───── Given data ─────

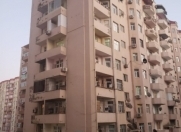 Satılır 2 otaqlı 59 m2 yeni tikili Yeni Yasamal
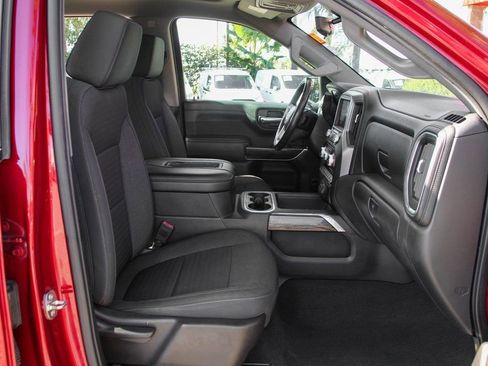 Used 2020 GMC Sierra 1500 Elevation RWD image 34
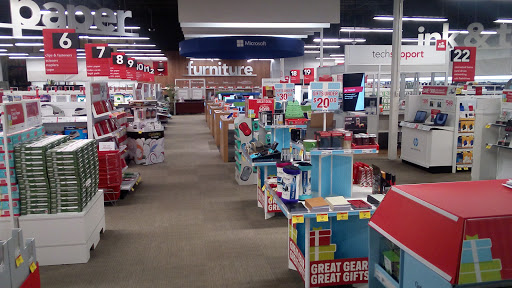 Office Supply Store «Office Depot», reviews and photos, 2319 S 1st St, Yakima, WA 98903, USA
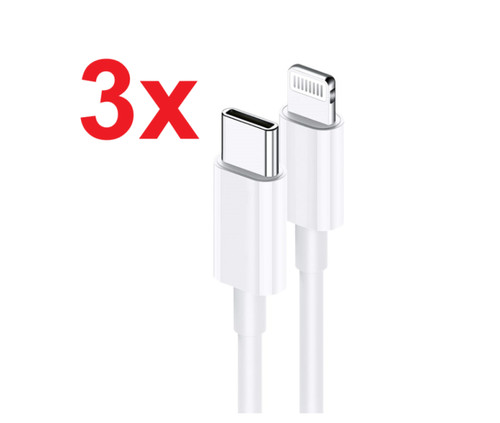 Ladekabel für iphone - ladekabel, c
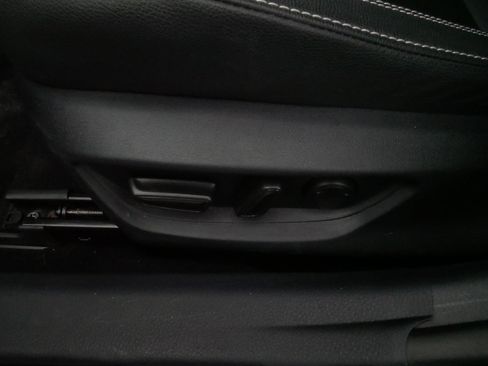 Certified 2025 Toyota Camry SE image 20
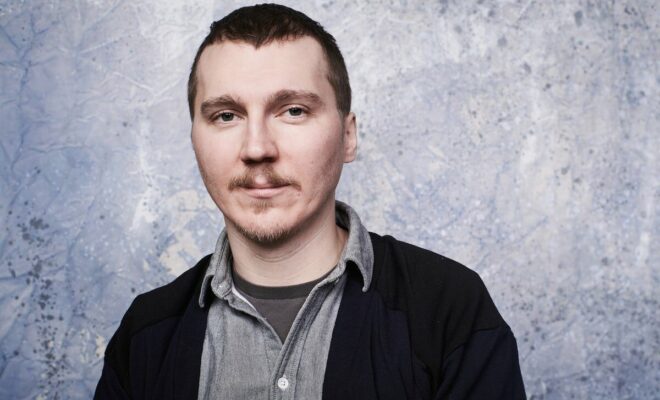 Paul Dano Pets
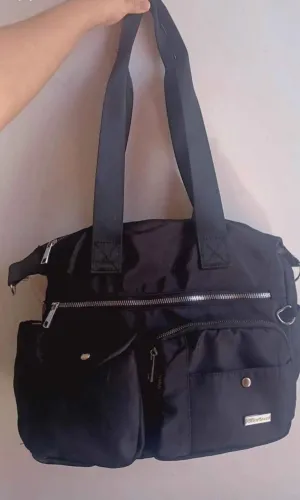 Bolsa de viagem 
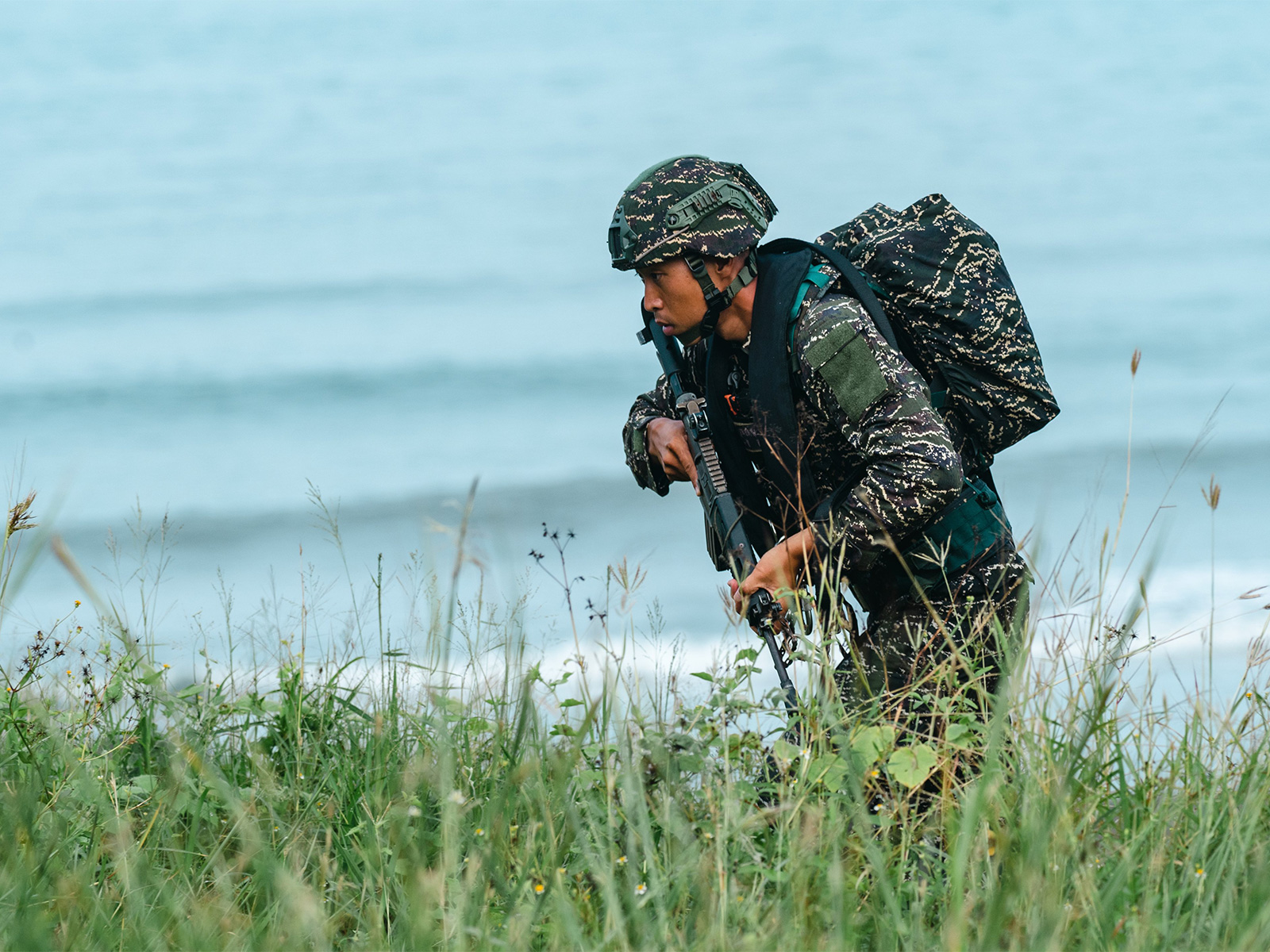 Representative Image (Photo/ X@MoNDefense)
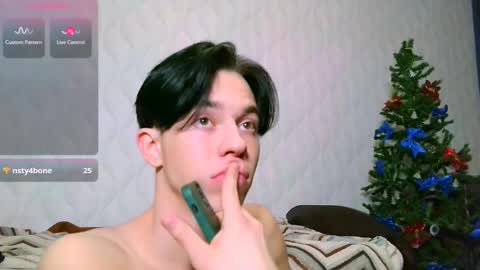 Jerrybomb online show from 7, 1, 2025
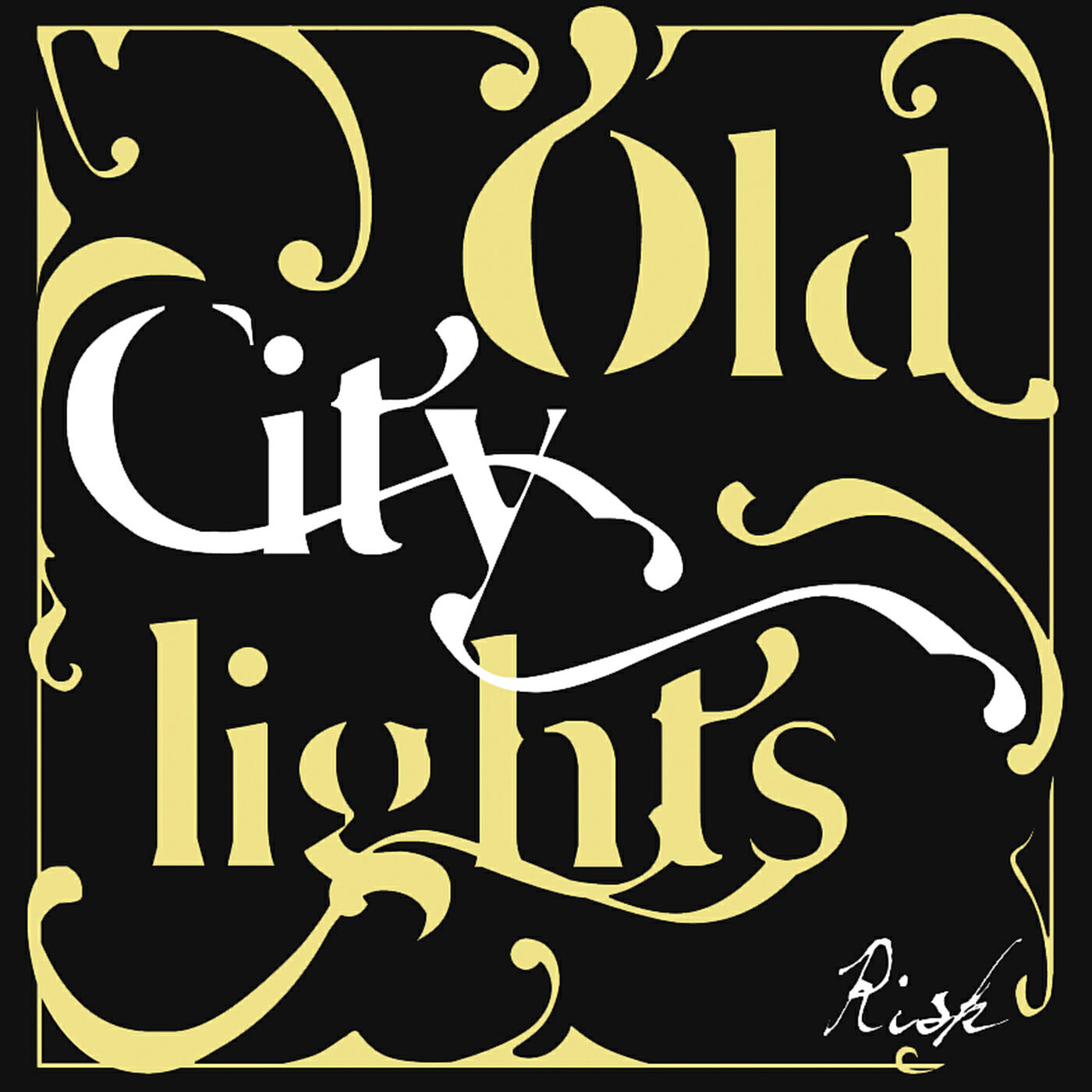 Old City Lights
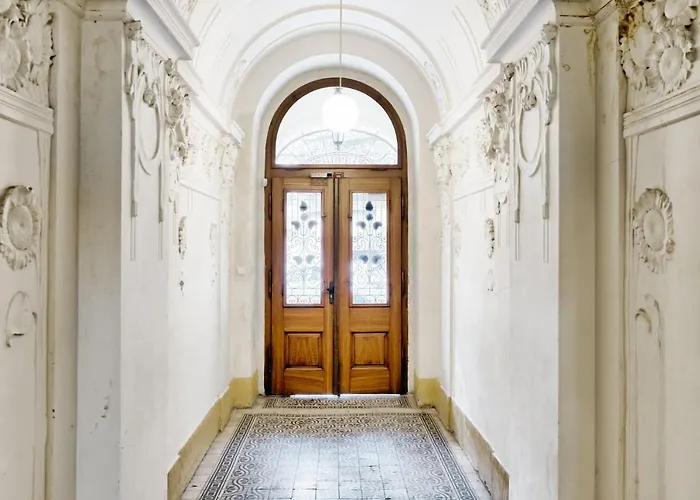 Lil Apartment With Stunning View, Parking & Ac By Easybnb Premium Praga, Repubblica Ceca
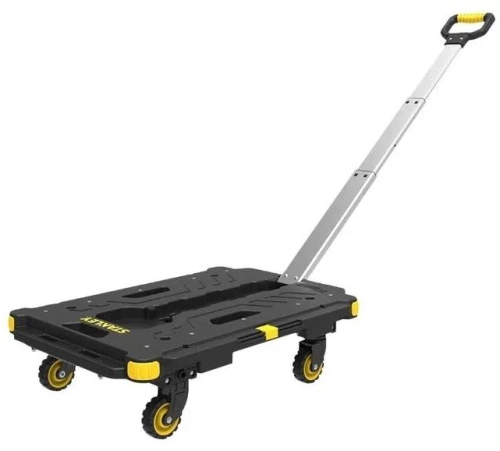 Stanley PC532 SP Αναδιπλούμενη Πλατφόρμα Μεταφοράς 137Kg
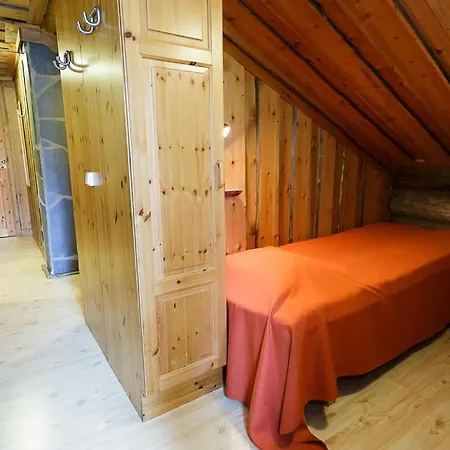 Loma-asunnot Polar Star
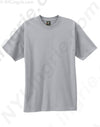 Hanes Beefy-T Adult Short-Sleeve T-Shirt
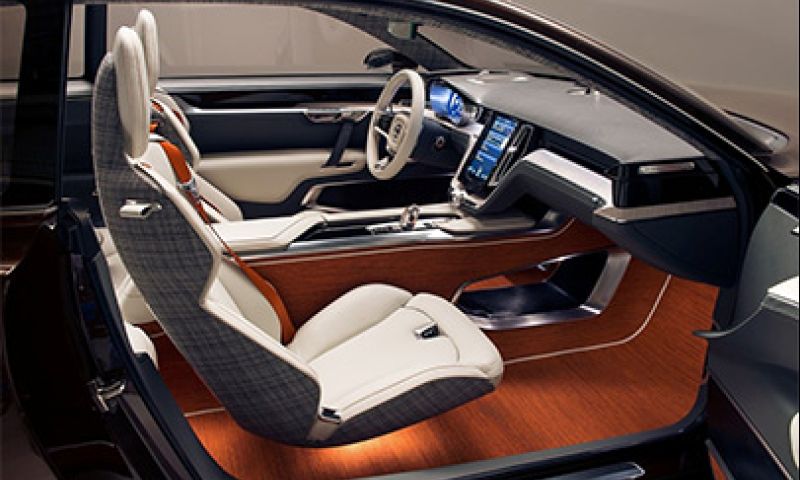 De knapste karren van de Autoshow in Genève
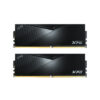 ADATA DDR5U-DIMM5200-16GB (16GBX2) LANCER BK (ADT-U5200C3816GCBK)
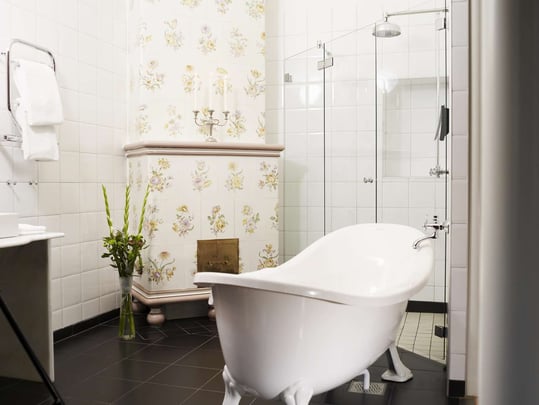 Deluxe Hotel Kung Carl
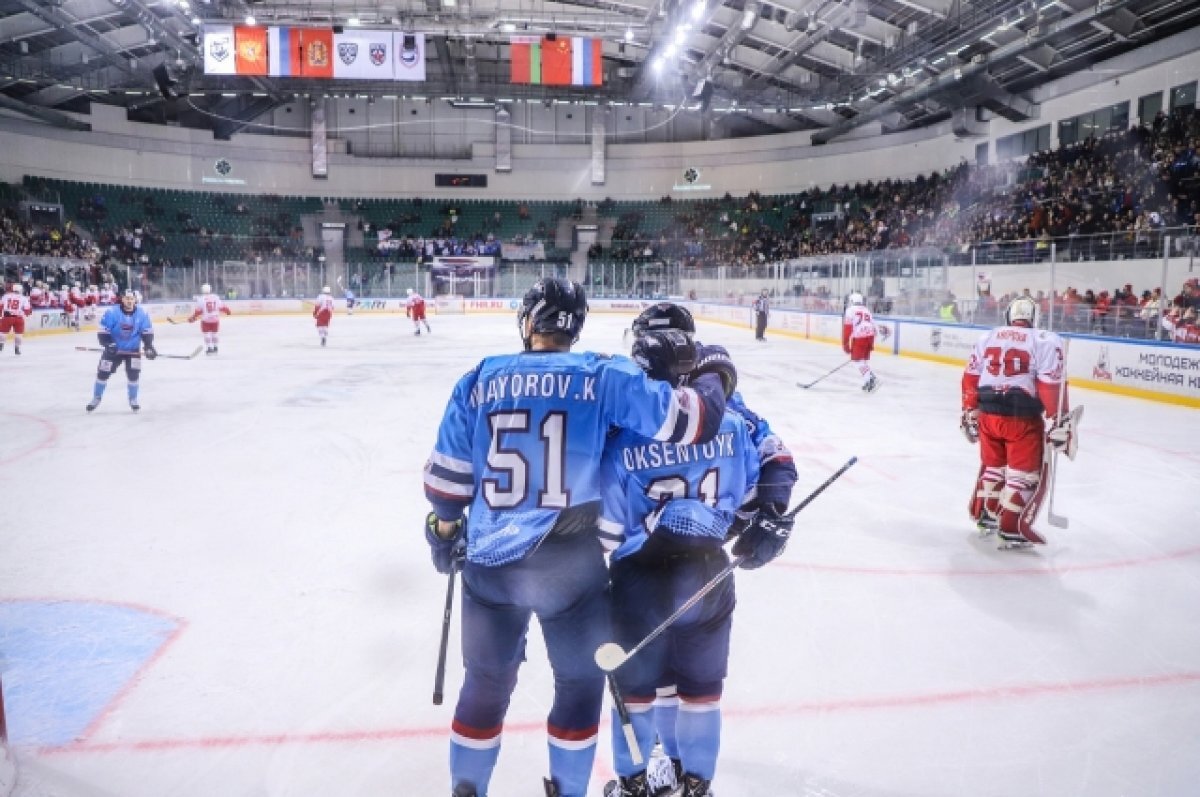    Дополнительные средства обеспечат новые возможности развития спортивной отрасли Красноярского края.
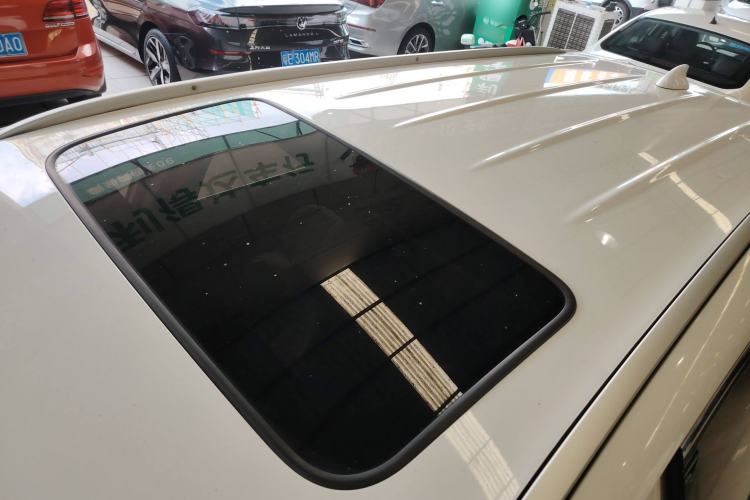 Used BYD Song MAX 2021 Upgraded Model 1.5T Automatic Luxury 7-Seater
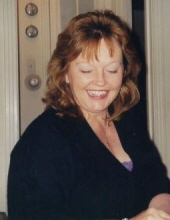 Photo of Cindy Moyer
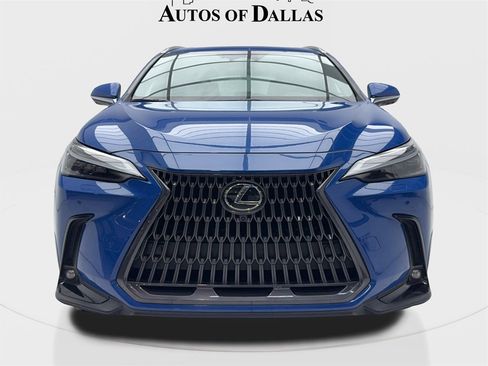Used 2023 Lexus NX 350 AWD w/ Luxury Package image 4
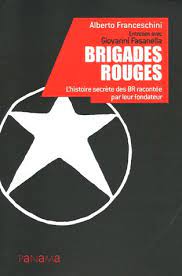 Start by marking brigades rouges. Brigades Rouges L Histoire Secra Te Des Br Raconta C E Par Leur Fondateur Franceschini Albert 9782755700206 Amazon Com Books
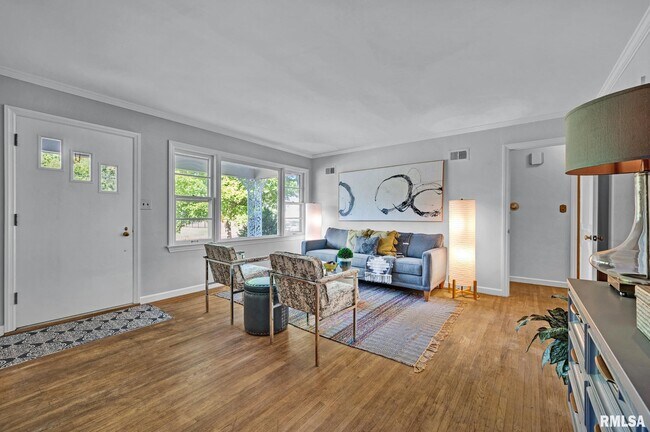 Photo - 3406 North North Street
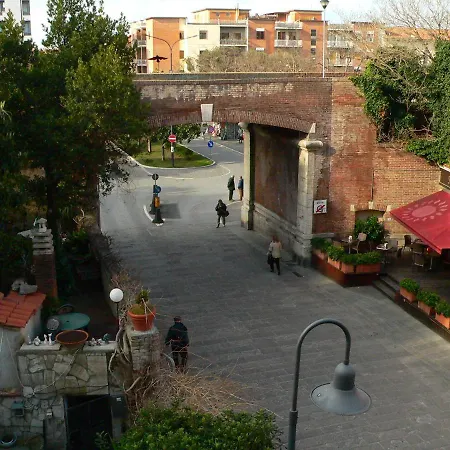 Pierilu' Bed & Breakfast Grosseto
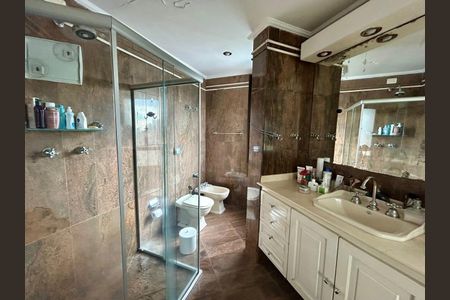 Apartamento à venda com 290m², 4 quartos e 3 vagas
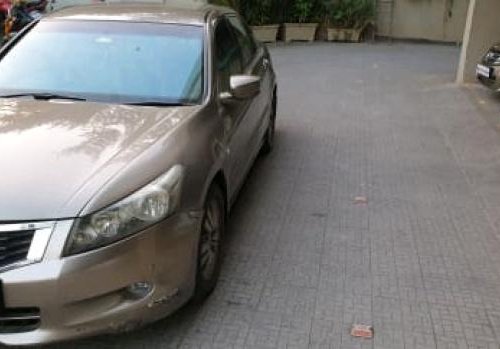 Used 2008 Honda Accord for sale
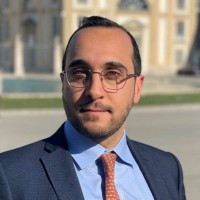 Shahriar Khojasteh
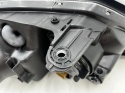 Lampa reflektor Hyundai Coupe 2 II Lift Tiburon 01-07r. NOWA lewa przednia oryginał Europa soczewka lewy przód 921012c021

─────

What needs to be done: The reply should hold the entries above from the line with "Lil Apartment With" to the line with "Photo - 3406 North North Street", duplicated exactly, pictures excluded.

Worked solution:
 Lil Apartment With Stunning View, Parking & Ac By Easybnb Premium Praga, Repubblica Ceca
 Stanley PC532 SP Αναδιπλούμενη Πλατφόρμα Μεταφοράς 137Kg
 Loma-asunnot Polar Star
 Hanes Beefy-T Adult Short-Sleeve T-Shirt
 De knapste karren van de Autoshow in Genève
 ADATA DDR5U-DIMM5200-16GB (16GBX2) LANCER BK (ADT-U5200C3816GCBK)
 Deluxe Hotel Kung Carl
    Дополнительные средства обеспечат новые возможности развития спортивной отрасли Красноярского края.
 Used BYD Song MAX 2021 Upgraded Model 1.5T Automatic Luxury 7-Seater
 Photo of Cindy Moyer
Used 2023 Lexus NX 350 AWD w/ Luxury Package image 4
 Start by marking brigades rouges. Brigades Rouges L Histoire Secra Te Des Br Raconta C E Par Leur Fondateur Franceschini Albert 9782755700206 Amazon Com Books
 Photo - 3406 North North Street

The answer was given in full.